→ **Task to carry out**
Please restate each line of the data that follows word for word, skipping any image.

Short text fragments from websites:
******************************

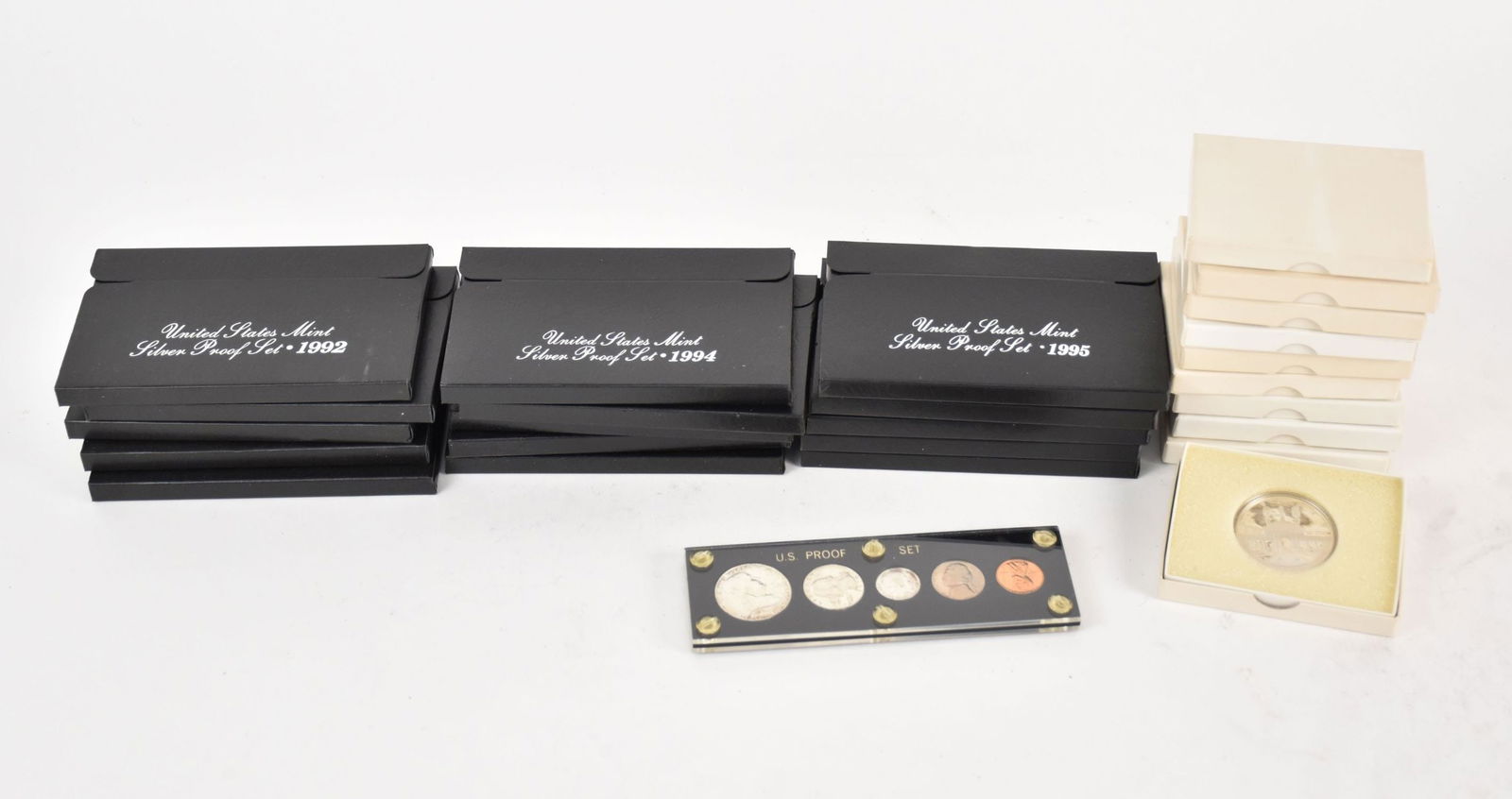 United States Mint Silver Proof Set. 5 of each 1992,1994, and 1995.  1 1956 proof set and 10 1984 (1 of 3)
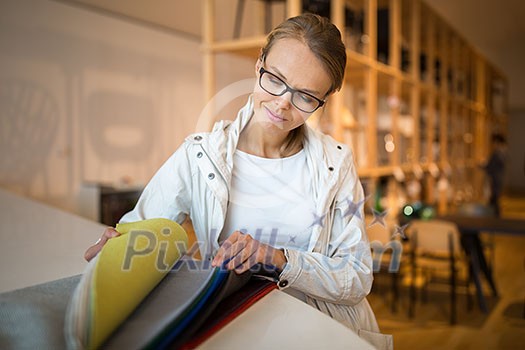Pretty young woman choosing the right material/color for her modern appartement interior (shallow DOF; color toned image) Pretty young woman choosing the right material/color for her modern appartement interior (shallow DOF; color toned image)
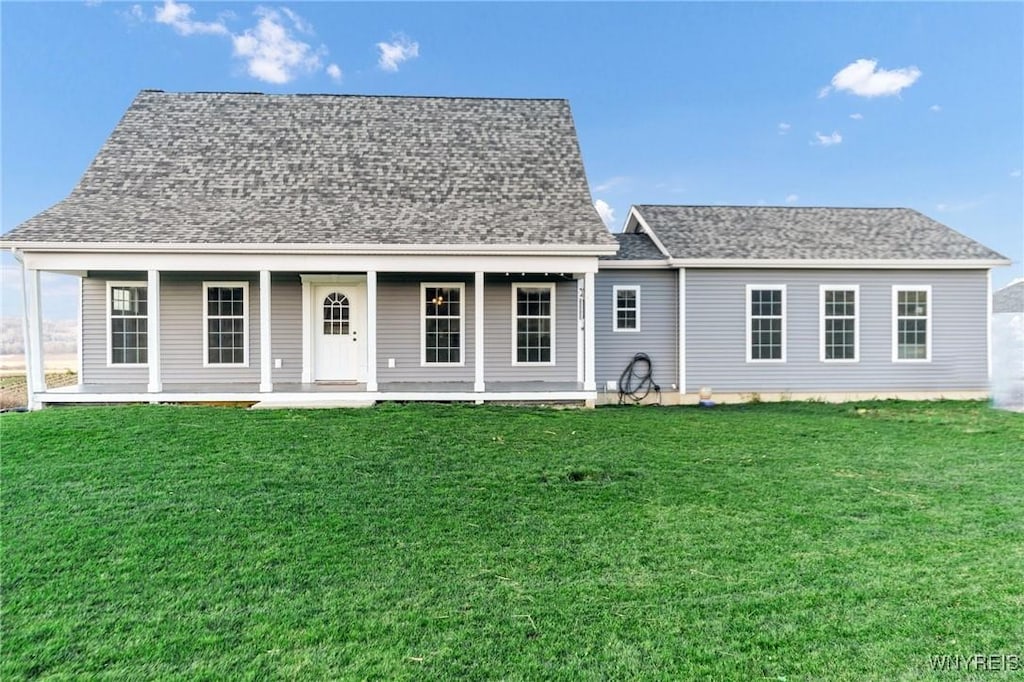 rear view of house featuring a porch and a yard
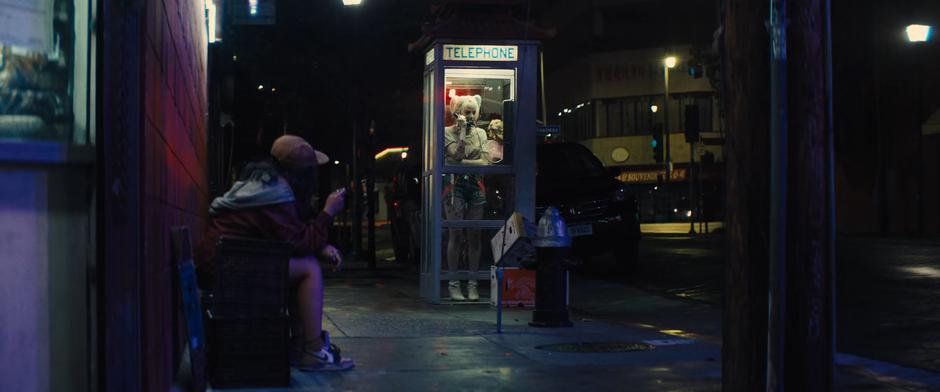 Cassandra waits while Harley talks to Roman Sionis in the phone booth.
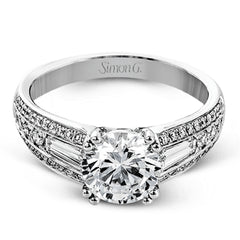The charming design of this white gold contemporary ring is accented by .36 ctw baguette cut diamonds and .33 ctw round cut white diamonds.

******************************

→ **Expected answer**
 United States Mint Silver Proof Set. 5 of each 1992,1994, and 1995.  1 1956 proof set and 10 1984 (1 of 3)
Pretty young woman choosing the right material/color for her modern appartement interior (shallow DOF; color toned image) Pretty young woman choosing the right material/color for her modern appartement interior (shallow DOF; color toned image)
 rear view of house featuring a porch and a yard
 Cassandra waits while Harley talks to Roman Sionis in the phone booth.
The charming design of this white gold contemporary ring is accented by .36 ctw baguette cut diamonds and .33 ctw round cut white diamonds.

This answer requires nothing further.